Remember those fears about slowing growth in China and the continued sluggishness in Japan?
Economic data out this week suggest it may be time for more optimism.
Let’s start with China: Over the weekend, the country said its trade growth picked up again in August, with exports growing 7.2% on the year. That was well above the 5.1% growth in July and beat economists’ average expectations for growth of 5.5%. In addition, the trade surplus widened to $28.6 billion from $17.8 billion the previous month.1
That news coincided with a report that China’s consumer prices climbed 2.6% in August from a year earlier. More importantly, perhaps, producer prices fell only 1.6%, which was narrower than both economists’ expectations and the 2.3% drop the previous month. The news was seen as a boost for the view that producer prices, which have been down for five straight months, may have reached their bottom in July.2
On Monday, it was a trio of strong reports that beat expectations: annual industrial output rose 10.4% in August, while retail sales increased 13.4%. Finally, China said fixed-asset investment surged 20.3% in the first eight months of the year.3
All of these numbers have predictions of an economic “hard landing” in a more precarious position. BofAML said in a research note on Tuesday that it now saw a “clear upside risk” to its 7.6% growth forecast for this year’s third quarter – and for its 7.6% GDP forecast for all of 2013.4
The strong data hasn’t been limited to China, however. Japan reported over the weekend that its economy expanded much faster than initially expected in the second quarter, adding to signs of a growing recovery in that country is finally taking hold in the wake of new aggressive monetary policies by Prime Minister Shinzo Abe and the Bank of Japan.5
The decision to award Tokyo the 2020 Summer Olympics also didn’t hurt the good feelings, and could conceivably work as another factor that drives the country’s spending this decade.

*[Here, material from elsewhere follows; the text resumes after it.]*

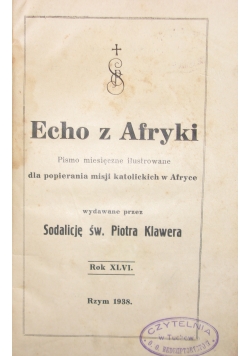 Echo z Afryki, 1938r.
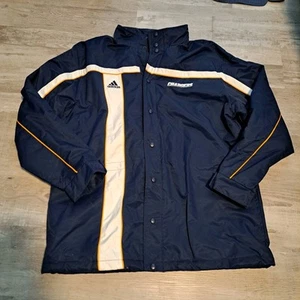 Vintage Adidas San Diego Chargers Football Parka Windbreaker Jacket Size Large - Picture 1 of 12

Unsurprisingly perhaps, these signs of turnaround have been a boon to the stock markets of both countries. Japan’s Nikkei has increased nearly 16% since mid-June, while the Shanghai Stock Exchange Composite Index has jumped nearly 20% since a plunge in late June.
The Asian Fusion motif has increased 6.1% over the past month. Since the motif’s creation in January 2013, the motif is up 7.7%. The S&P 500 has gained 0.3% in the past month and 14.7% since the motif’s inception date.

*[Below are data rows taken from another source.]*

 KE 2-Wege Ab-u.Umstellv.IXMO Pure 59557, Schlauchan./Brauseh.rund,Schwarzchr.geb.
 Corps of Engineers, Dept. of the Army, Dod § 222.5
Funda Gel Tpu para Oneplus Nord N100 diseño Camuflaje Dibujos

As most investors realize, a month of good data points doesn’t make a trend. However, the general pessimism surrounding the Asian growth story appears to have some objective reasons for receding.
1Mamta Badkar, “More Good News For China’s Economy,” businessinsider.com, Sept. 8, 2013, http://www.businessinsider.com/chinese-trade-data-shows-economic-rebound-2013-9, (accessed Sept. 10, 2013).

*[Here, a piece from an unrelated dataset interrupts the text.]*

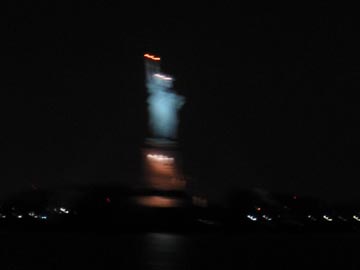 Statue of Liberty from the Staten Island Ferry, New York Harbor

2Mamta Badkar, “Chinese Consumer Prices Rise 2.6%, In Line With Expectations,” businessinsider.com, Sept. 8, 2013, http://www.businessinsider.com/august-china-cpi-2013-9, (accessed Sept. 10, 2013).
3“3 Key Chinese Economic Indicators Just Beat Expectations,” reuters.com, Sept. 10, 2013, http://www.businessinsider.com/chinese-indicators-beat-expectations-2013-9.
4Joe Weisenthal, “Everyone Who Was So Focused On China’s Hard Landing Totally Missed The Big Story,” businessinsider.com, Sept. 10, 2013, http://www.businessinsider.com/everyone-who-was-so-focused-on-chinas-hard-landing-totally-missed-the-big-story-2013-9.
5Leika Kihara, “Japan’s Economy Is Growing Much Faster Than Expected,” Reuters, Sept. 9, 2013, http://www.businessinsider.com/japan-q2-gdp-revised-up-2013-9.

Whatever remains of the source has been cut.